On Second Numerical Variables:

Let’s calculate correlation coefficients of different columns of second pair.

# Calculate the correlation between Cholesterol and Heart.Rate
cor(HAB$Cholesterol, HAB$Heart.Rate)

## [1] -0.1255535

# Calculate the correlation between Cholesterol and RatioofCholesbyHR
cor(HAB$Cholesterol, HAB$RatioofCholesbyHR)

## [1] 0.7588446

# Calculate the correlation between Heart.Rate and RatioofCholesbyHR
cor(HAB$Heart.Rate, HAB$RatioofCholesbyHR)

## [1] -0.6809854

Correlation between Cholesterol and Heart Rate:

We can see that there is a weak negative correlation between Cholesterol and Heart Rate. Usually, higher cholesterol increases the heart rate due to arteries blockage. However, this contradictory correlation is due to heart rate and cholesterol being impacted by numbers of other factors presented in the dataset. Or, the data could simply be an outlier.

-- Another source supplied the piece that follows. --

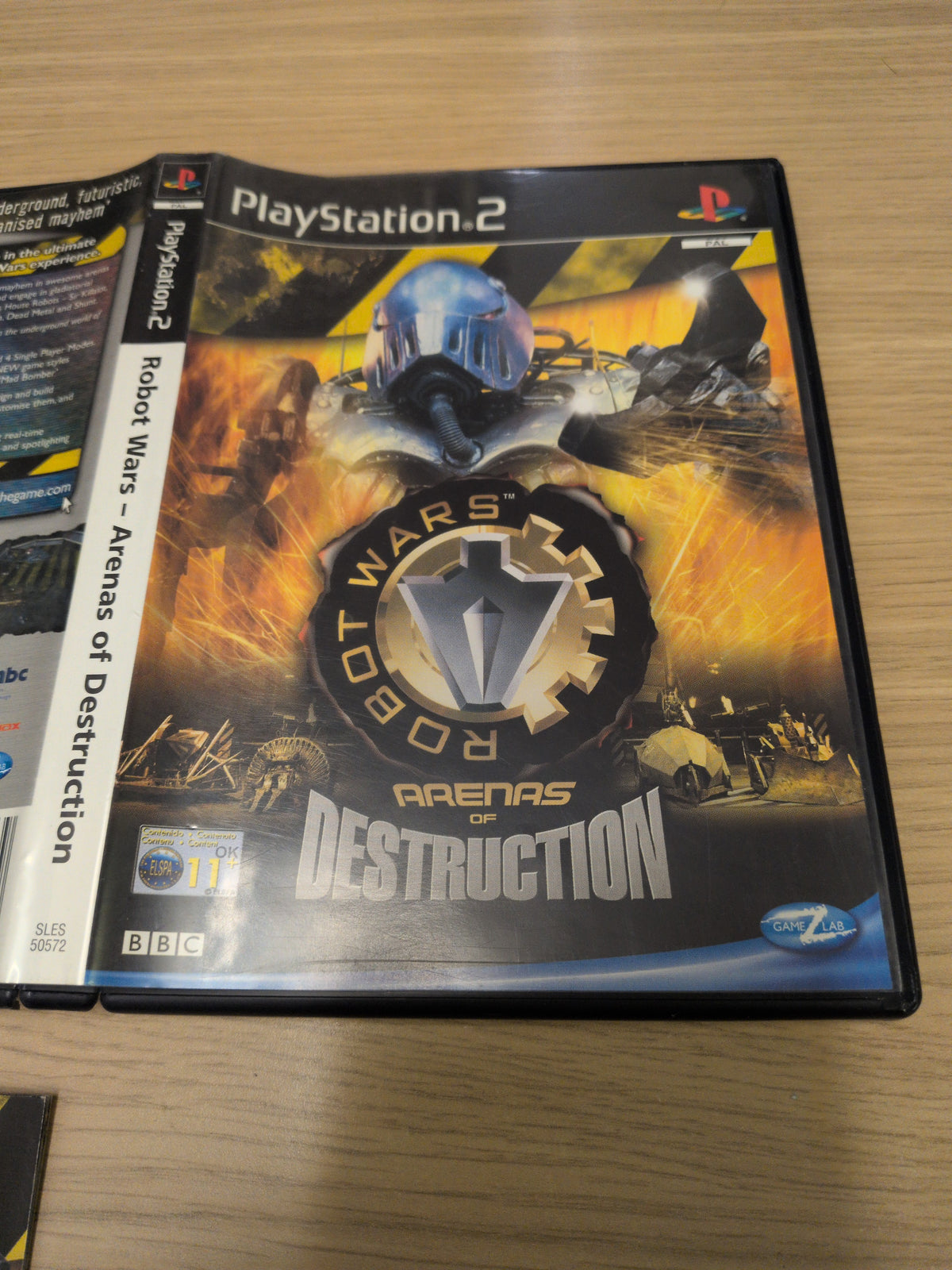 Robot Wars: Arenas of Destruction Sony PS2 game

Correlation between Cholesterol and Ratio of Cholesterol by Heart Rate:

We can see that there is a strong positive correlation between Cholesterol and ratio of itself by heart rate. This is very true because Cholesterol is directly related to the ratio.

Correlation between Heart Rate and Ratio of Cholesterol by Heart Rate:

We can see that there is a strong negative correlation between heart rate and ratio of cholesterol by heart rate. This is very true because heart rate is inversely related to the ratio.

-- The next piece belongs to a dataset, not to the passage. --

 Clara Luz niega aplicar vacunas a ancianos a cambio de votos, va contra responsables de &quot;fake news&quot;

Correlation Sense with Second Visualization:

The correlation of cholesterol with ratio of cholesterol by heart rate also matches with the second visualization. We can see there is a strong positive correlation present in the second visualization. The second visualization gives additional information about how well the data are distributed in the dataset including any outliers.

Confidence Intervals:

First Response Variable:

Let’s see the confidence interval (C.I.) of 95% by executing the below code on the response variable namely Cholesterol.

t.test(HAB$Cholesterol)

## 
##  One Sample t-test
## 
## data:  HAB$Cholesterol
## t = 51.116, df = 249, p-value < 2.2e-16
## alternative hypothesis: true mean is not equal to 0
## 95 percent confidence interval:
##  245.5015 265.1785
## sample estimates:
## mean of x 
##    255.34

From above information of one sample t-test on Cholesterol variable, we can get 95% Confidence Interval ranging from 245.5015 to 265.1785. This means, the mean of a true population for cholesterol level lies between the range of 245.5015 to 265.1785, with 95% confidence. This range is far away from zero, which also confirms that the mean of true population for cholesterol level does not belong to zero.

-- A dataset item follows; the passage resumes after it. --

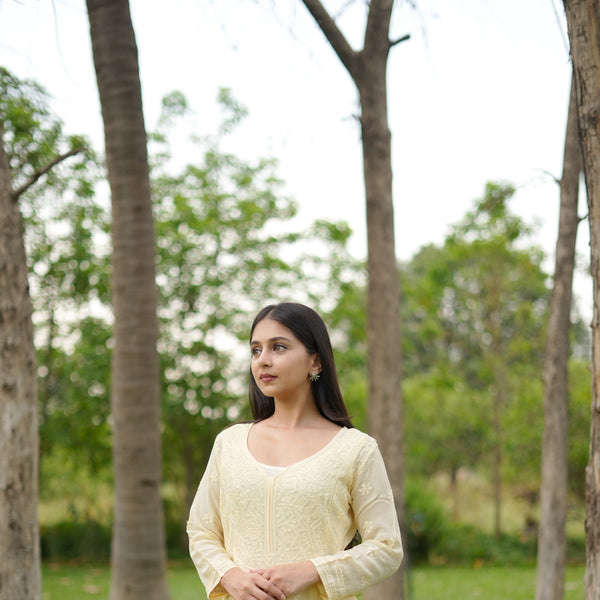 13SJ Jabili Chikankari Anarkali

This dataframe also give us the sample mean of 255.34 which is slightly higher cholesterol level for general population. As we know, cholesterol is impacted by various other factors hence, this t-test opens door to further research on impacting factors of Cholesterol.

Second Response Variable:

Let’s see the confidence interval (C.I.) of 95% by executing the below code on the response variable namely Ratio of Cholesterol by Heart Rate.

t.test(HAB$RatioofCholesbyHR)

## 
##  One Sample t-test
## 
## data:  HAB$RatioofCholesbyHR
## t = 33.934, df = 249, p-value < 2.2e-16
## alternative hypothesis: true mean is not equal to 0
## 95 percent confidence interval:
##  3.413702 3.834385
## sample estimates:
## mean of x 
##  3.624043

From above information of one sample t-test on Ratio of Cholesterol by Heart Rate variable, we can get 95% Confidence Interval ranging from 3.413702 to 3.834385. This means, the mean of a true population for Ratio of Cholesterol by Heart Rate lies between the range of 3.413702 to 3.834385, with 95% confidence. This range is also far away from zero, which also confirms that the mean of true population for the ratio does not belong to zero.

For general population, the sample mean of 3.62 is slighty higher ratio. Since the value itself is composed from cholesterol and heart rate, a closer investigation on cholesterol and heart rate should be done before making any firm conclusions about the risk of heart attack on each patients.